Global training solutions for engineers creating the world's electronics

Quick Start Perl

Perl is about saving time. In just 20 minutes, this short introduction to Perl will show you enough to start using Perl straight away. Your new Perl knowledge may save you 20 minutes of work today... so you'll be even. Tomorrow it may save you 20 minutes more.

Read from top to bottom. Leave out nothing, the tutorial is cumulative. Read the example code too, it holds many important insights.

Topics

These links are useful for reference. Read the whole tutorial the first time.

  Scalar Variables
  Logic and Truth
  Arrays and Hashes
  Command Line Arguments
  Conditions
  Files
  Pattern Matching
  Regular Expressions
  Groups
  Netlist Filtering

Scalar Variables

Scalar variables have no explicit type. Scalar variables do not have to be declared. Context is very important in Perl. Mathematical operators treat variables as numbers, integers or floating point, depending on the context. String operators treat variables as strings of characters. Conversion between strings and numbers is automatic. Everything in Perl behaves in the most obvious common-sense way. Perl is very intuitive.

Here are some scalar variables and some numeric operators:

# End of line comments begin with a #

$a = 17;      # Scalar variables begin with a dollar symbol
              # The Perl assigment operator is =
              # Statements finish with a semicolon ;

$b = 0x11;    # Hexadecimal (17 in decimal)
$c = 021;     # Octal       (17 in decimal)
$d = 0b10001; # Binary      (17 in decimal)
$f = 3.142;   # Floating point

$a = $a + 1;  # Add 1 to variable $a
$a += 1;      # Add 1 to variable $a
$a++;         # Add 1 to variable $a

$b = $b * 10; # Multiply variable $b by 10;
$b *= 10;     # Multiply variable $b by 10;

              # Other arithmetic operators include:
              #  **  Exponentiation
              #  %   Modulo division
              #  ++  Auto increment
              #  --  Auto decrement
              #  <   Numeric less than
              #  >   Numeric greater than
              #  ==  Numeric equality
              #  !=  Numeric inequality
              #  <=  Numeric less than or equal to
              #  >=  Numeric greater than or equal to
              #  <=> Numeric compare: Returns -1 0 1

 

Scalar variables can store strings of characters or words. Single quotes, 'like these', allow spaces to appear inside strings. Double quotes, "like these", allow variables to be automatically substituted or interpolated inside strings.
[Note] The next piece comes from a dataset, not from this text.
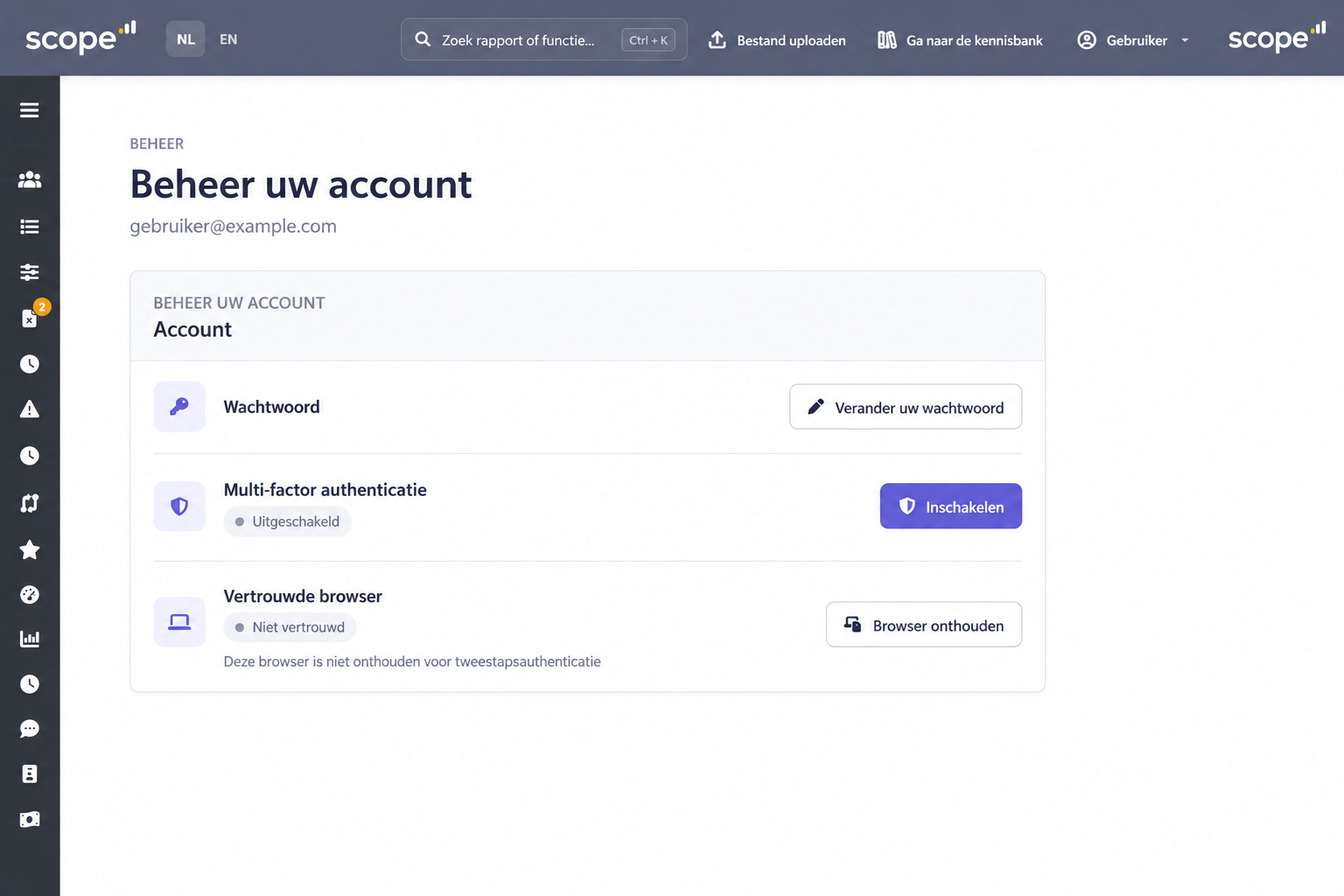 Accountscherm met de status van multi-factor authenticatie en de knop Inschakelen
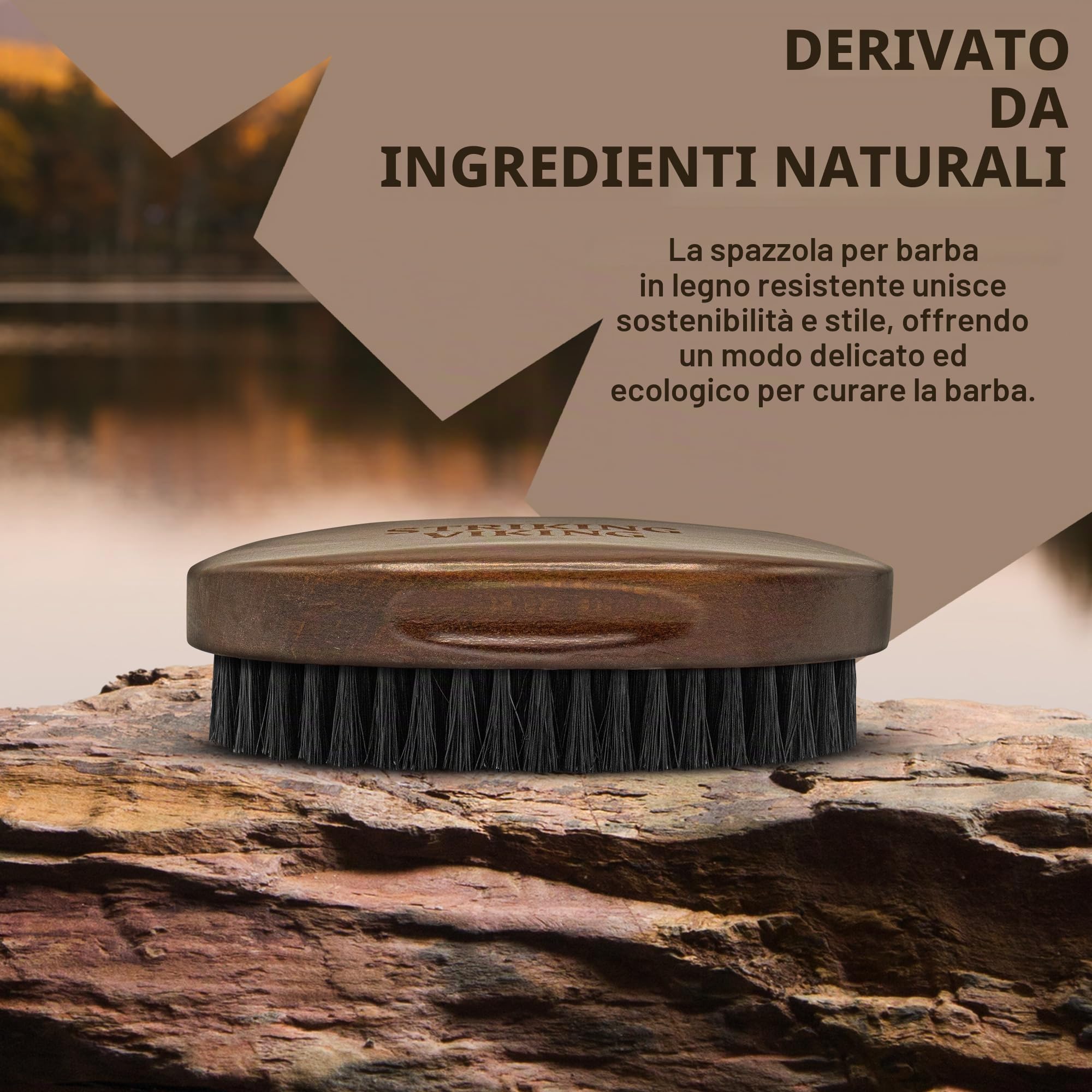 Striking Vikings Spazzola da barba in setola di cinghiale per uomo - Spazzola da barba dal design ergonomico da 4,2" in legno di spiaggia di origine naturale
$a = 'Number of DFFs: '; # No interpolation with 'single quotes'
$b = "$a$c\n";           # Interpolation (variable substitution) with "double quotes"
                         # \n is the newline character
print $b;                # This makes "Number of DFFs: 17\n" appear on the standard output
print $a, $c, "\n";      # As does this line because print takes
                         #    a comma separated list of arguments to print
print "That's all\n";    # No commas means a list of one element

                         # String operators include:
                         #  lt  String less than
                         #  gt  String greater than
                         #  le  String less than or equal to
                         #  ge  String greater than or equal to
                         #  cmp String compare: Returns -1 0 1
print 'one' lt 'two';    # Prints 1
                         #    ASCII-betically 'o' is less than 't'
print 'buf4' lt 'buf3';  # Prints nothing (that is undef, numerically zero)
                         # Perl's undefined value is undef
                         #    ASCII-betically '4' is not less than '3'


Logic and Truth

Perl considers these to be false:

  0;      # Integer zero
  0.0;    # Decimal zero
  '0';    # String containing a single zero character
  '';     # Empty string
  undef;  # Undefined

Everything else is true. Here are some logical operators:

$a = 0; $b = 45;      # More than one statement per line possible
print( $a and $b++ ); # prints 0        *
$a = 22;
print( $a and $b++ ); # prints 45       *
print $b;             # prints 46
                      # *  $b++ only evaluated when $a was true
                      # Some logic operators take shortcuts

                      # Other logical operators include
                      # or  Logical OR
                      # ||  Logical OR
                      # and Logical AND
                      # &&  Logical AND
                      # not Logical NOT
                      # !   Logical NOT
                      # |   Bitwise OR
                      # &   Bitwise AND
                      # ~   Bitwise NOT

print 6 & 5;          # prints 4, 0b0110 & 0b0101 = 0b0100
print 6 | 5;          # prints 7, 0b0110 | 0b0101 = 0b0111
print ! 0;            # prints 1
print ! 5;            # prints nothing (that is undef or false)
print ~5;             # prints 4294967290, same as:
                      # 0b11111111111111111111111111111010


Arrays and Hashes

An array is a list of scalar variables. The first element has index 0. The @ symbol is used to denote an array variable.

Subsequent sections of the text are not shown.